Wednesday, March 11, 2020

Gravity

My blood thickens through the night
I wake with a heavy heart
Rising from bed requires intention.
Gravity, it seems, has increased.
Every movement takes more energy
Each moment lasts longer
Conversations more measured
Words that once floated now fall to the ground.

Is it that the world has moved closer to the Sun?
Or am I sinking deeper into the ocean?
Is each breath more difficult
because I am breathing underwater?
Or am I being crushed by floating
Untethered in the void of space?

Can the world be this heavy for one
And not for all?
Was Newton's apple an aberration?
Can one man’s grief
Change the laws of physics?

Or will I wake tomorrow
My blood less thick?
Rise without thought?
Speak with less measure
And my words once again float?

I know only today, this moment
That in this time and place
Gravity, it seems, has increased.

Sunday, March 8, 2020

The Room


We cleaned his room the other day.  Gretchen went through the piles of clothes on his bedroom floor, sorted and folded them.  She hung his scarves, organized his hats and rearranged the drawers of the nightstand next to his bed.

I cleaned his bathroom.  Hot water and bleach in a bucket I got on my hands and knees and scrubbed every square inch of the tile.  I will spare you the gory details, but use your imagination on what could occur in a bathroom occupied by a 22 year old male with no control of his bowel and bladder and an incredibly limited amount of mobility.  It was a regular shit show, because he regularly didn’t clean it.


Similarly, he hated folding laundry.
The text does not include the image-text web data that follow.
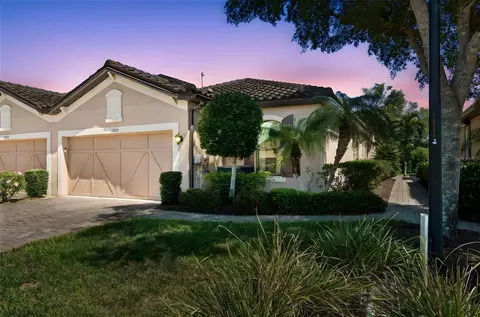 5830 Cavano Dr, Sarasota, FL 34231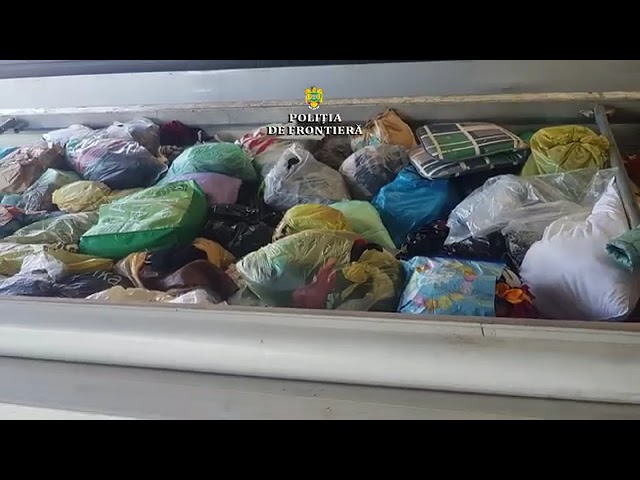 (VIDEO) Șase automarfare cu peste 100.000 kg de deșeuri oprite să intre în România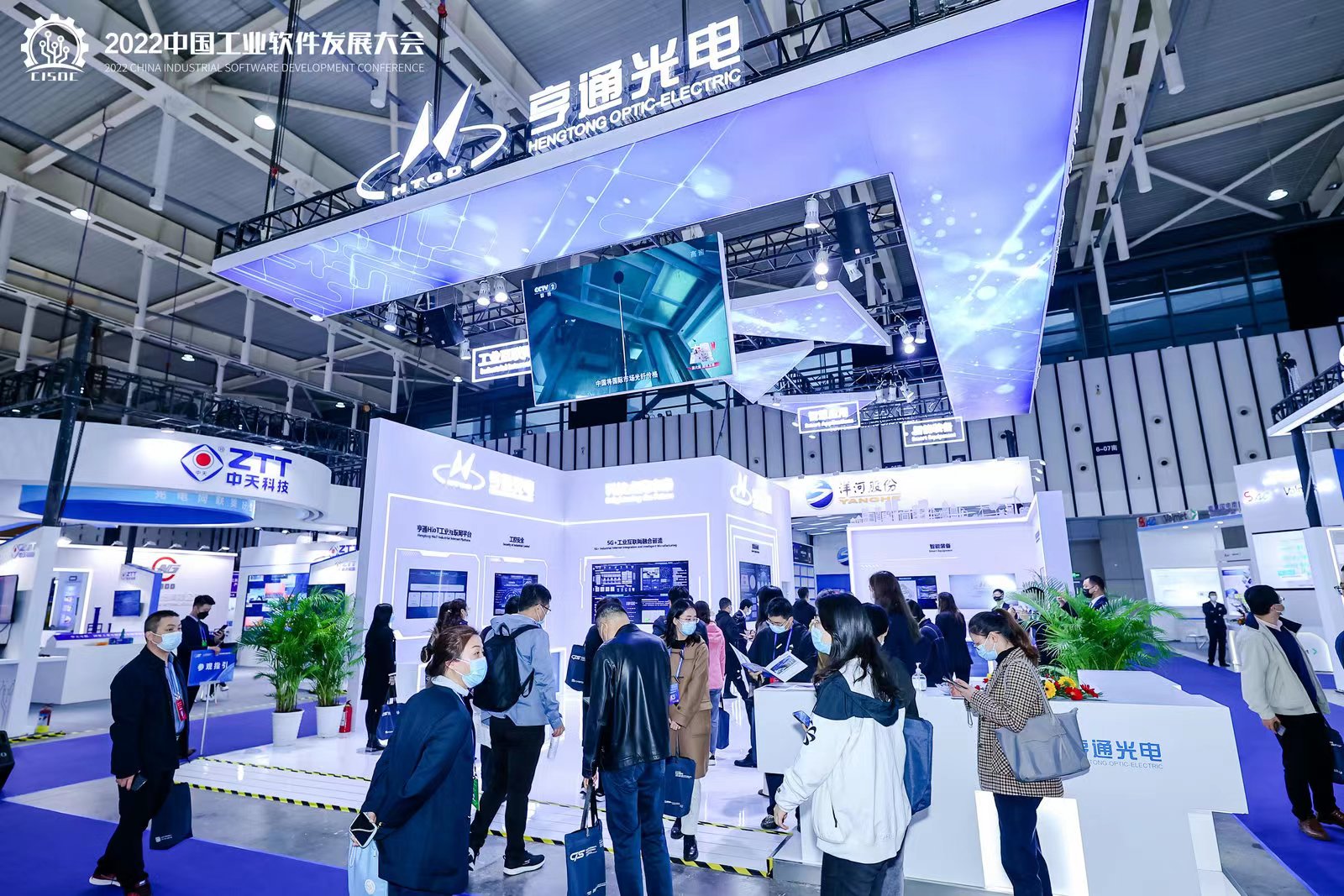 江蘇省工信廳副廳長(zhǎng)池宇視察亨通展臺(tái)(圖2) 江蘇省工信廳副廳長(zhǎng)池宇視察亨通展臺(tái)(圖2)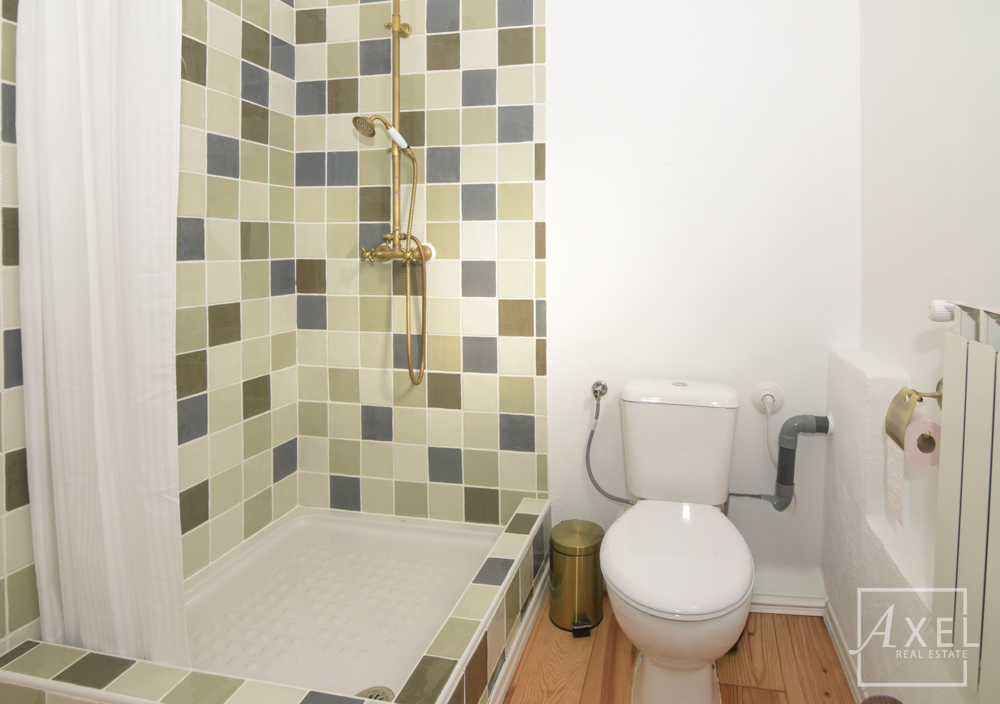 Wohnen & Wohlfühlen: Chalet mit Gästewohnung und Pool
He had accidents daily which meant daily loads of laundry.  So, the clean clothes languished on the bedroom floor, pushed up against a wall.  We had a daily call and response: “Griffin, please fold your laundry and put it away.”  “Okay Dad.”  He rarely did.  Some days I’d walk in and he would be asleep on the heap of clothes.  Others I’d find him struggling to fold a t-shirt.  On rare days I would walk in and find the floor 100% clear of clothing and heave a sigh of relief.  And then I’d check the closet and there would be two weeks of unfolded laundry stuffed beneath his polos.
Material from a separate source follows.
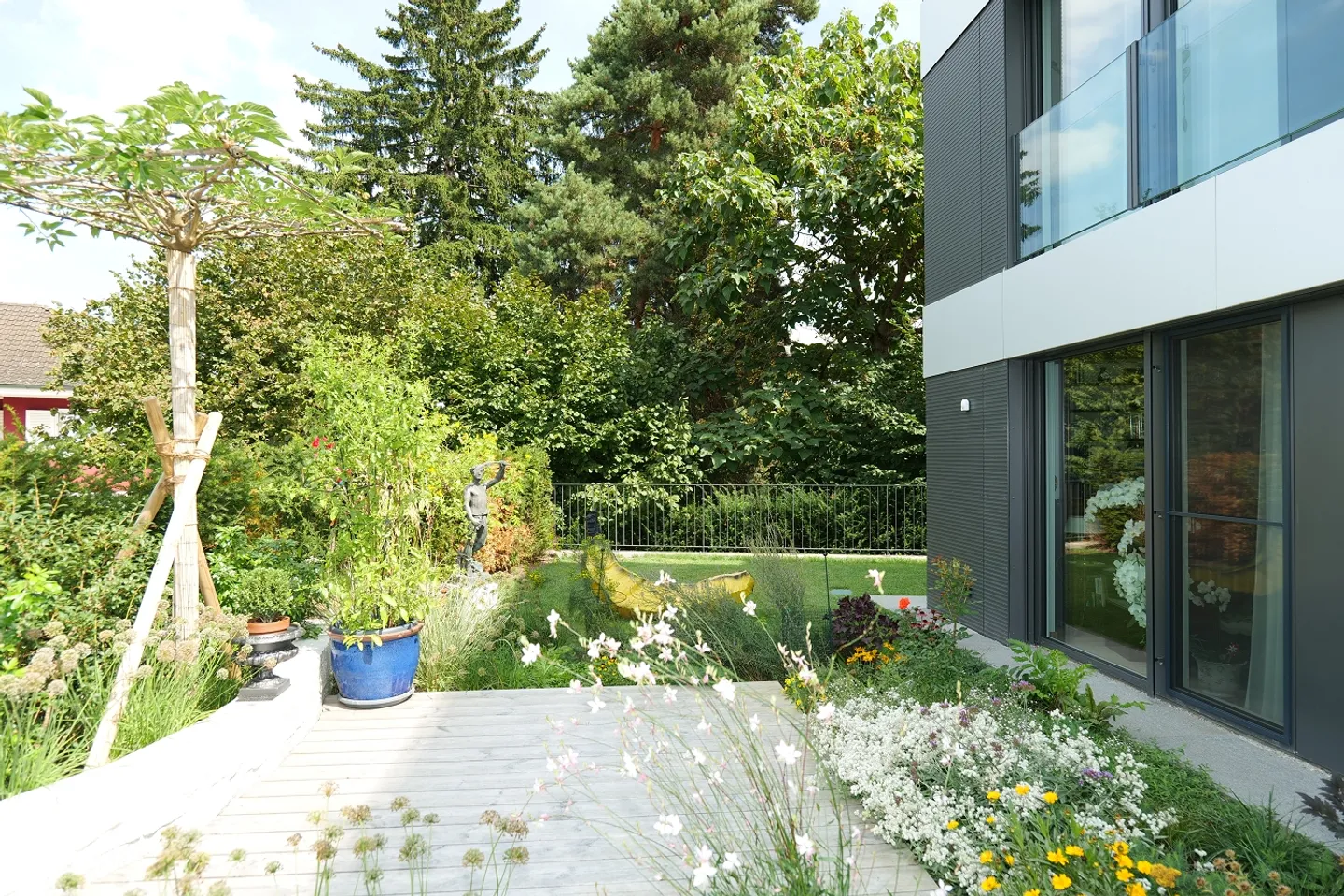 Vie spacieuse dans un bel emplacement à Binningen - Photo 1 sur 14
The room was a regular source of tension between us.  The messiness was just the trigger for the more pressing issue.  Griffin spent nearly 15 hours a day in his room.  Playing on his phone, struggling with homework or, more commonly, just sleeping.  The paradox of loneliness is that the more lonely you feel the more you want to be alone. We knew Griffin was angry and depressed.  He had regular sessions with a psychologist, was good about taking his anti-depressants, but still he was generally down on himself and his life.


We’d beg and plead to get him out of his room.  “Call some friends and go see a movie,” we’d say.  And then realize that the wheelchair was a barrier to the simplest of group activities and as a result Griff had very few friends to call.  We’d invite him to watch a movie with us and he’d make it about 20 minutes before heading back to his room.


His loneliness is what drove him to binge drink.  “I don’t really know why I do,” he once told me.  “It’s not to make me feel happier.  I think it’s just to not feel anything.”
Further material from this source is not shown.